The data file consists of temperature measurements from various weather stations. Each record follows the format <string: station name>;<double: measurement>, with the temperature presented to one decimal place.
Here are ten sample lines from the file:
Hamburg;12.0
Bulawayo;8.9
Palembang;38.8
St. Johns;15.2
Cracow;12.6
Bridgetown;26.9
Istanbul;6.2
Roseau;34.4
Conakry;31.2
Istanbul;23.0
The challenge is to develop a Python program capable of reading this file and calculating the minimum, average (rounded to one decimal place), and maximum temperature for each station, displaying the results in a table sorted by station name.

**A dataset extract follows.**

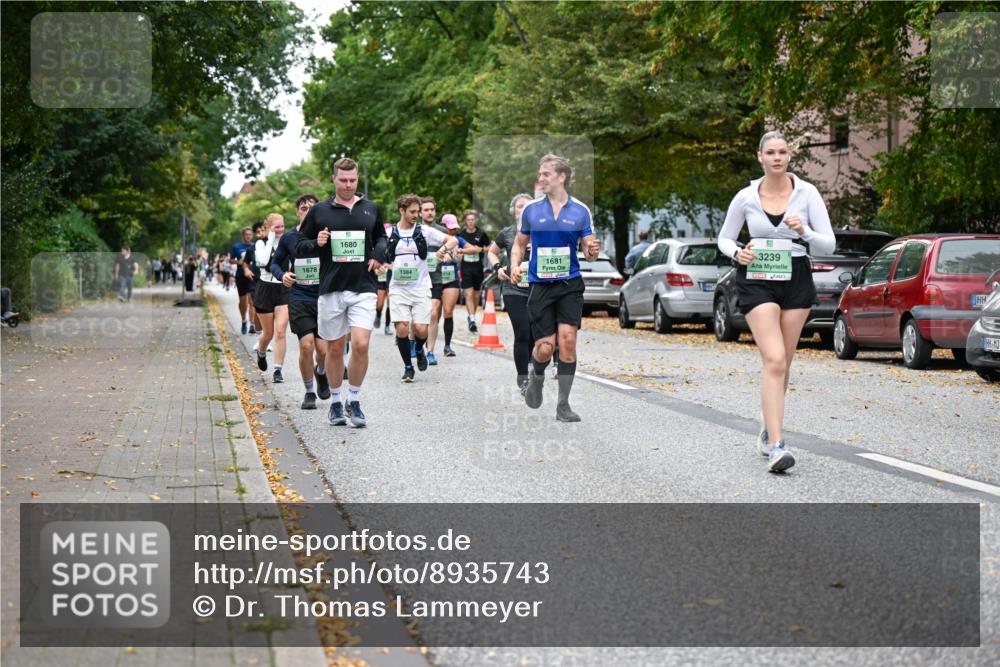 21.09.2025 - PSD Bank Halbmarathon Dr. Thomas Lammeyer http://msf.ph/oto/8935743 21.09.2025 10:59:31 Laufen 1678, 1680, 1384, 1681, 3239 meine-sportfotos.de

| Station | Min Temperature | Mean Temperature | Max Temperature |
|---|---|---|---|
| Abha | -31.1 | 18.0 | 66.5 |
| Abidjan | -25.9 | 26.0 | 74.6 |
| Abéché | -19.8 | 29.4 | 79.9 |
| Accra | -24.8 | 26.4 | 76.3 |
| Addis Ababa | -31.8 | 16.0 | 63.9 |
| Adelaide | -31.8 | 17.3 | 71.5 |
| Aden | -19.6 | 29.1 | 78.3 |
| Ahvaz | -24.0 | 25.4 | 72.6 |
| Albuquerque | -35.0 | 14.0 | 61.9 |
| Alexandra | -40.1 | 11.0 | 67.9 |
| … | … | … | … |
| Yangon | -23.6 | 27.5 | 77.3 |
| Yaoundé | -26.2 | 23.8 | 73.4 |
| Yellowknife | -53.4 | -4.3 | 46.7 |
| Yerevan | -38.6 | 12.4 | 62.8 |
| Yinchuan | -45.2 | 9.0 | 56.9 |
| Zagreb | -39.2 | 10.7 | 58.1 |
| Zanzibar City | -26.5 | 26.0 | 75.2 |
| Zürich | -42.0 | 9.3 | 63.6 |
| Ürümqi | -42.1 | 7.4 | 56.7 |
| İzmir | -34.4 | 17.9 | 67.9 |
Dependencies
To run the scripts in this project, you will need the following libraries:
- Polars: 0.20.3
- DuckDB: 0.10.0
- Dask[complete]: ^2024.2.0
Results
Tests were conducted on a laptop equipped with an Apple M1 processor and 8GB of RAM. The implementations used pure Python, Pandas, Dask, Polars, and DuckDB. The runtime results for processing the 1 billion row file are presented below:
| Implementation | Time |
|---|---|
| Bash + awk | 25 minutes |
| Python | 20 minutes |
| Python + Pandas | 263 sec |
| Python + Dask | 155.62 sec |
| Python + Polars | 33.86 sec |
| Python + DuckDB | 14.98 sec |
Conclusion
This challenge clearly highlighted the effectiveness of various Python libraries in handling large volumes of data. Traditional methods like Bash (25 minutes), pure Python (20 minutes), and even Pandas (5 minutes) required a series of tactics to implement batch processing, while libraries like Dask, Polars, and DuckDB proved to be exceptionally efficient, requiring fewer lines of code due to their inherent ability to distribute data in “streaming batches” more effectively. DuckDB excelled, achieving the shortest runtime thanks to its execution and data processing strategy.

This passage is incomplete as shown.